Before you dive into writing content or creating media files for your online course, the first thing to do is to create a course outline. Ideally, this should take place once you’ve decided on your course topic and have a clear idea of what you want your students to learn.
So, what do I mean by a course outline?
An outline is a roadmap or framework showing the modules, lessons and content to be included in your course.
Grab my course outline planner by clicking on the blog images within this post.
The outline process
- Decide on the modules or main topics you want to teach in your course.
- List everything you can think of, this is only a rough draft.
- You can edit and make changes later on.

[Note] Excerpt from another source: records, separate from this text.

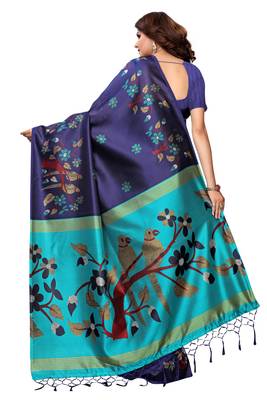 Violet printed art silk saree with blouse 2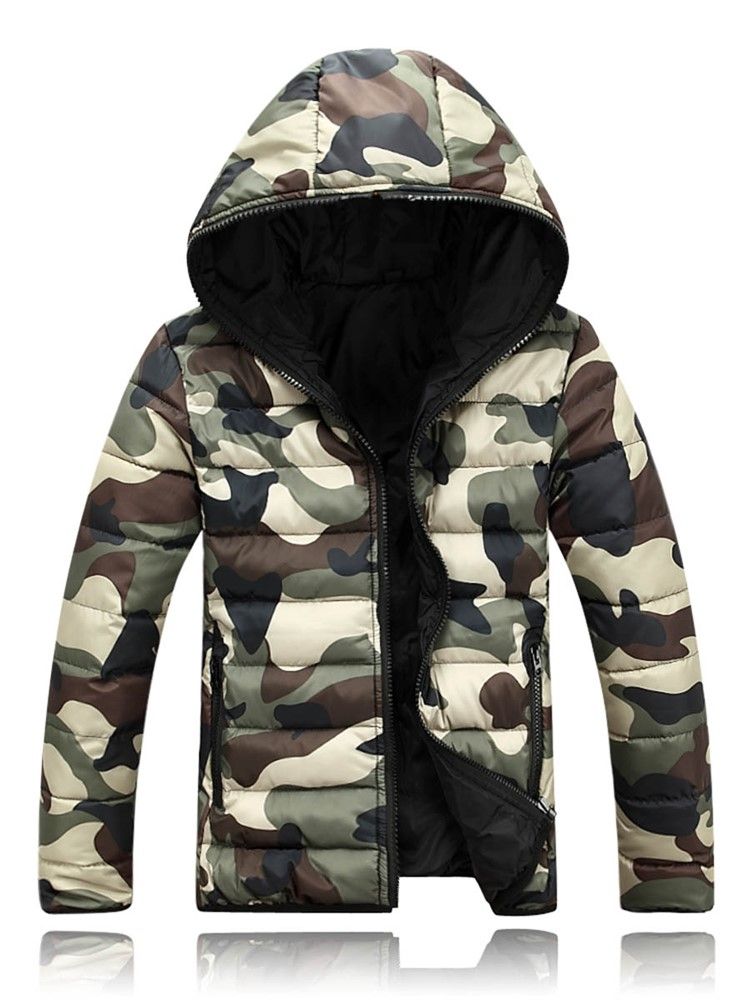 Camouflage Hooded Zipper Style Miesten Untuvatakki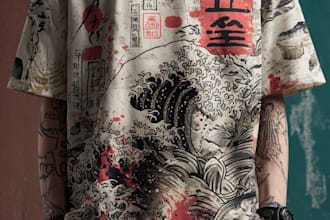 draw japanese or anime streetwear style for t shirt
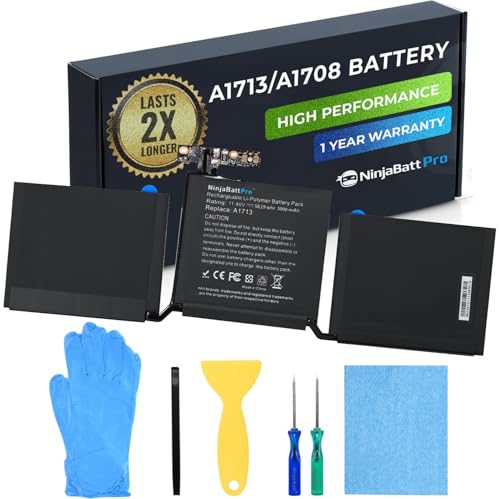 NinjaBatt A1713 A1708 Replacement Battery for MacBook Pro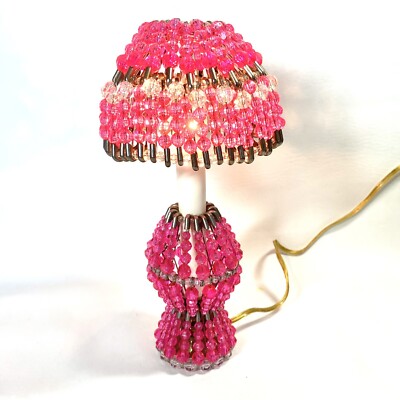 Vtg Retro Safety Pin Lamp Pink Bead Lamp Electric Base Nightlight 10'' EVC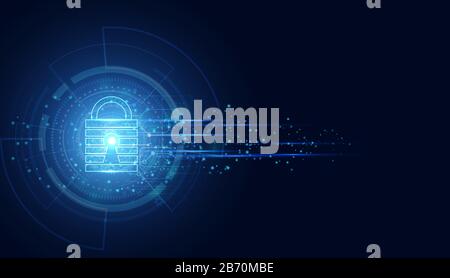 Abstract Cyber security with padlock blue wave speed technology Future cyber background. Stock Vector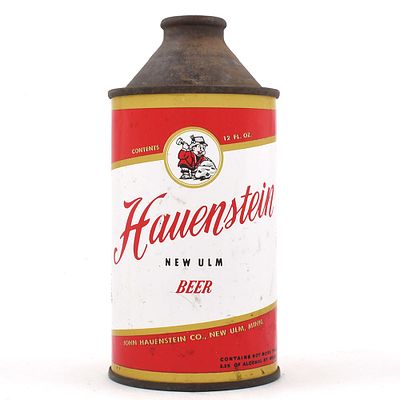 Hauenstein New Ulm Beer Cone Top 168-18. Brewer/Business Name: John Hauenstein Co., New Ulm,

- Create an objective for each topic.
- Think about what you want students to learn by the end of the topic.
- List the subtopics or lessons to be included within each module.

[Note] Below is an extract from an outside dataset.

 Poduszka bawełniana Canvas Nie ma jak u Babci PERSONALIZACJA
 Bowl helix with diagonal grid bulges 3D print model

- Make sure you organise the lessons in a logical order and chunk your them into small manageable sections.
- Create a list of content you’ll teach in each lesson.
- Don’t fall into the trap of overwhelming your student with too much content.
- Only give the necessary content to get them to achieve their goals.
Lesson delivery method
- Decide on the best format to deliver and teach each lesson.
- There’s no right or wrong way to deliver lessons but if you’re teaching something practical such as a craft or sports, instructional video is definitely the way to go.
- Other forms of course content can include slides, infographics, activities, quizzes, workbooks or guides.
Get your copy of my course outline planner by clicking on the blog images within this post.
Whichever way you choose to create your outline is ok as long as it’s super detailed and helps you to see your entire course clearly. This will help to ensure you don’t create a course that’s too overwhelming or complex.
Think of your completed outline as your course blueprint.
And even though it may be tempting to dive straight into content and multimedia creation, remember it’s easier and cheaper to make changes in the planning stage than it is in the production stage.